Perhaps you know the
Bernard Herrmann film score for Beyond the Twelve Mile Reef.
If you do then this music often touches base Herrmann’s cue for
the fight with the octopus.
This disc can be compared
with the harp and ensemble music on Music in the Age of the
Pyramids - Ancient Egypt – with music variously composed,
arranged and conducted by Rafael Pérez Arroyo on Natural Acoustic
recordings NAR001 (see review).
That disc concentrates its speculative recreations on the Egypt
of the pharaohs. It is therefore narrower in its fanciful mission.

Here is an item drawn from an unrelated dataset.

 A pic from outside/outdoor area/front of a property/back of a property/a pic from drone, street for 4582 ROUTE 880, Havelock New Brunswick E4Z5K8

Oddly enough the longest piece on the Laughton disc is Egypt
The playing time is
short overall – not even half an hour - but this reflects the
collection’s LP origin. In fact the disc was prepared from an
original vinyl LP.
For those who delight
in allusive speculative time travel or who must have every speck
of music from the Ridley Scott film Blade-Runner (1982)
which gave the disc brief celebrity.